Entramos a la habitación. Me dijo que iba a darse un baño, pero le dije que no. Que yo quería que oliera a calle, a macho. Se sonrió y me dijo que estaba bien. Se quitó la ropa y se acostó en medio de la cama con sus bolas al aire. Yo me quité, con cierta delicadeza, cada una de mis prendas de ropa y las iba acomodando en una mesa, mientras que él me observaba y decía, una que otra vez, algún piropo cafre e innecesario. Cuando terminé me acosté a su lado y allí permanecí unos minutos en silencio. Él puso la radio con una canción de Bad Bunny de fondo.

Se volteó y metió su dedo en mi vulva. Lo movió lentamente hasta alcanzar mi clítoris y, seguido, comenzó a moverlo con más fuerza. Sentí un vacío, de esos que hacen perder la noción del tiempo, era la primera vez en mi cabrona vida que sentía esa sensación de placer. Una lagrima bajó por mi rostro por cierta satisfacción. El beso mis tetas y fue bajando hasta poner su boca en mi vulva y comenzó a mover su lengua y fue entonces que entendí que el universo habla de distintas maneras y que el sexo es una de ellas. Agarré su cabeza y la apreté sobre mi cuerpo mojado en estasis. Me moví y comencé a chuparle su miembro hasta hacerlo retirar mi cabeza de él, pues “casi me vengo”, me dijo. Me beso en los labios con pasión y me volte’ó para ponerme en cuatro. Lentamente introdujo su monstruosidad dentro de mí y chocó sus bolas contra mis nalgas hasta venirse. “Me quiero venir dos veces contigo”, me dijo, “ven, méteme el deo” y se puso boca arriba con las piernas al aire. Introduje mi dedo en él y comencé a masajearle el culo mientras él se hacía una paja. Sus ojos se llenaron de un brillo que no había visto antes y explotó en una corriente de leche fresca que bajaba todo su musculoso abdomen. Me sonrió y dijo “ya”. Yo me volteé hacia la izquierda y permanecimos acostados un rato. Mientras en la radio sonaba, otra vez, “Feliz Navidad” de José Feliciano.

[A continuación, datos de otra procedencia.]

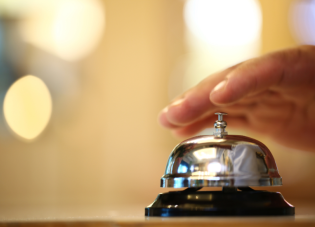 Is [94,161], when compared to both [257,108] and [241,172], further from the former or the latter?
→ [241,172]

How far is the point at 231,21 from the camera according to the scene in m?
2.52

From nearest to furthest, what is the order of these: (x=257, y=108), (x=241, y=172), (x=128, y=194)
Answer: (x=241, y=172) → (x=257, y=108) → (x=128, y=194)

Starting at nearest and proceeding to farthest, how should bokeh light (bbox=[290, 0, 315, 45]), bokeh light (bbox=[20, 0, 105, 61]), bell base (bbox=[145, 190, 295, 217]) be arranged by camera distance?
1. bell base (bbox=[145, 190, 295, 217])
2. bokeh light (bbox=[290, 0, 315, 45])
3. bokeh light (bbox=[20, 0, 105, 61])

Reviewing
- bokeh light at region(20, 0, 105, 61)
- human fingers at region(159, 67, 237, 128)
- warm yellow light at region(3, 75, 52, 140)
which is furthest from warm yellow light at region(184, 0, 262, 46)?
human fingers at region(159, 67, 237, 128)

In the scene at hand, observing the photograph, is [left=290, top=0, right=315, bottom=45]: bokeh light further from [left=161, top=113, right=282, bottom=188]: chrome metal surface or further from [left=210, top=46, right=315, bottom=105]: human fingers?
[left=161, top=113, right=282, bottom=188]: chrome metal surface

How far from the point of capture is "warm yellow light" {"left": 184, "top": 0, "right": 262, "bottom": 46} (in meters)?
2.52

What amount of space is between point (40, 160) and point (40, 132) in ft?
0.66

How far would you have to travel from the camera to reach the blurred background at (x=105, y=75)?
2.51m

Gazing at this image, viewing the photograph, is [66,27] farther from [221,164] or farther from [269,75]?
[221,164]

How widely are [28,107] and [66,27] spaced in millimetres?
638

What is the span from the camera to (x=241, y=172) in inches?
16.6

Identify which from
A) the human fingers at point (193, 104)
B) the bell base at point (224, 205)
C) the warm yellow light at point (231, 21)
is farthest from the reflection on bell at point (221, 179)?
the warm yellow light at point (231, 21)

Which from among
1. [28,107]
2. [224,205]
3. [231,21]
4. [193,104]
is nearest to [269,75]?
[193,104]

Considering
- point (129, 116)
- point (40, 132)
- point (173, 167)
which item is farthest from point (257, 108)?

̶ Tenemos este cuarto hasta mañana ̶ , le dije.

̶ A mí nadie me espera, doñita.

Saqué cien dólares de mi cartera y los puse sobre la mesa de noche. “Son tuyos”, le dije mientras le acariciaba el cabello. “Déjalos ahí. No hay prisa, esta noche soy tuyo”. Saqué un mazo de cartas españolas y jugamos un par de manos. Un juego de azar no me hará más pecadora de lo que he sido hoy, me dije a mi misma.

̶ ¿Cómo te llamas?

̶ Me dicen Chuito, ¿y tú?

̶ Magda ̶ , respondí. Al fondo sonaba, otra vez, Feliz Navidad como si el mundo o dios o José me dijeran algo al oído. Sonreí.